There are 19 subdirectories, corresponding to each of the target language:
${lang} = ar (Arabic), bg (Bulgarian), cs (Czech), de (German), 
          fa (Farsi), fr (French), he (Hebrew), hu (Hungarian), 
          id (Indonesian), ja (Japanese), ko (Korean), pl (Polish),
          pt (Portuguese), ro (Romanian), ru (Russian), tr (Turkish),
          uk (Ukranian), vi (Vietnamese), zh (Chinese)

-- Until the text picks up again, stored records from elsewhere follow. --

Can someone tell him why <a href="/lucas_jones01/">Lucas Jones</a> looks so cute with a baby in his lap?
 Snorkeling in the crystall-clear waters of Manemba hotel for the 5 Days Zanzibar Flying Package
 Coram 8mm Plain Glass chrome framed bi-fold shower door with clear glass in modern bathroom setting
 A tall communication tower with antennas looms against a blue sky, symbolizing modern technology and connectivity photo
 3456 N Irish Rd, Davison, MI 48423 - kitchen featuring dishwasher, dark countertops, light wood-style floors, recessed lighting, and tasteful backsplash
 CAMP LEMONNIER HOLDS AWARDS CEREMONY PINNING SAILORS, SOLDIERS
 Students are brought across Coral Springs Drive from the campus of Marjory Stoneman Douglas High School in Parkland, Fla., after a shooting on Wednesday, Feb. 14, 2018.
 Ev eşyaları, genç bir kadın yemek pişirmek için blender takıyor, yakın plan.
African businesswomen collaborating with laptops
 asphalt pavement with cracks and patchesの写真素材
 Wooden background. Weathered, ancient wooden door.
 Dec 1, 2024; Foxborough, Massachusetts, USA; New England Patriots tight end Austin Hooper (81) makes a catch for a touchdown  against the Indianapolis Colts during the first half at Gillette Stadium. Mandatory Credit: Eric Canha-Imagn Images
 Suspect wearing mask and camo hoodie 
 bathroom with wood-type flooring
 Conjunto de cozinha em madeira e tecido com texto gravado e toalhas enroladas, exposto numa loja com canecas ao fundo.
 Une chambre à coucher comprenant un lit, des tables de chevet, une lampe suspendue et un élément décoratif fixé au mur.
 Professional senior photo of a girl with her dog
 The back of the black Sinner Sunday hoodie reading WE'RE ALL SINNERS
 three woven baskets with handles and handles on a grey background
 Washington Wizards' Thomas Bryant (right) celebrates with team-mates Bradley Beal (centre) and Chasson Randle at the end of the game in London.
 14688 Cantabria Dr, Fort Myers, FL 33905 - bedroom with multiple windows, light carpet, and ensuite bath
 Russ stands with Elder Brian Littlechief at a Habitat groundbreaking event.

Each directory represents a bitext for translating into/from English (en).

en-${lang}/
   raw/   # raw sentences: extracted from WIT3 and sentence merged.
      ted_train_en-${lang}.raw.$lang  # training bitext, foreign side
      ted_train_en-${lang}.raw.en     # training bitext, english side
      ted_dev_en-${lang}.raw.$lang    # dev bitext, foreign side
      ted_dev_en-${lang}.raw.en       # dev english (same regardless of ${lang})
      ted_test1_en-${lang}.raw.$lang  # test bitext, foreign side
      ted_test1_en-${lang}.raw.en     # test english (same regardless of ${lang}
   tok/  # tokenized version of sentences in raw/
      ted_train_en-${lang}.tok.$lang  # training bitext, foreign side
      ted_train_en-${lang}.tok.en     # training bitext, english side
      ted_train_en-${lang}.tok.clean.$lang  # filtered train above, max 80 words
      ted_train_en-${lang}.tok.clean.en     # filtered train above, max 80 words
      ted_dev_en-${lang}.tok.$lang    # dev bitext
      ted_dev_en-${lang}.tok.en       # dev bitext
      ted_test1_en-${lang}.tok.$lang  # test bitext
      ted_test1_en-${lang}.tok.en     # test bitext

Most languages are tokenized with the Moses tokenizer. Exceptions are:
Arabic is tokenized with PyArabic3, Korean is tokenized with Mecab-ko,
Japanese is tokenized with Kytea 0.4.7, Chinese is tokenized with Jieba. 
For some languages (i.e. bg, fa, he, id, tr, uk, vi), there are currently 
no language-specific options in the Moses tokenizer, so it backs off to
using English nonbreaking rules and whitespace. 

The pipeline is generally: 
raw -> [Moses tokenizer or other] -> [Joshua normalize.pl] -> [lowercase.pl] -> tok

In the subdirectory talkids/ 
    shared-dev and shared-test1 contain the talk IDs of the dev and test1 sets
    the training set talk IDs are contained in e.g. trainid.en-ar
These Talk IDs correspond to the talkid tag in WIT3's XML format: 
    https://wit3.fbk.eu/mono.php?release=XML_releases


------------------------------------------------------------------------------------
Terms of use & Acknowledgments:

TED makes its collection available under the Creative Commons BY-NC-ND license. 
Please acknowledge TED when using this data. We acknowledge the authorship of 
TED Talks (BY condition). We are not redistributing the transcripts for 
commercial purposes (NC condition) nor making derivative works of the original 
contents (ND condition). 

We kindly thank WIT3, which provides ready-to-use versions for research purposes.
For a detailed description of WIT3, see:
M. Cettolo, C. Girardi, and M. Federico. 2012. WIT3: Web Inventory of Transcribed and Translated Talks. In Proc. of EAMT, pp. 261-268, Trento, Italy

If you would like to cite this task:

@misc{duh18multitarget,
	author = {Kevin Duh}
	title = {The Multitarget TED Talks Task}, 
	howpublished = {http://www.cs.jhu.edu/~kevinduh/a/multitarget-tedtalks/}
	year = {2018}
}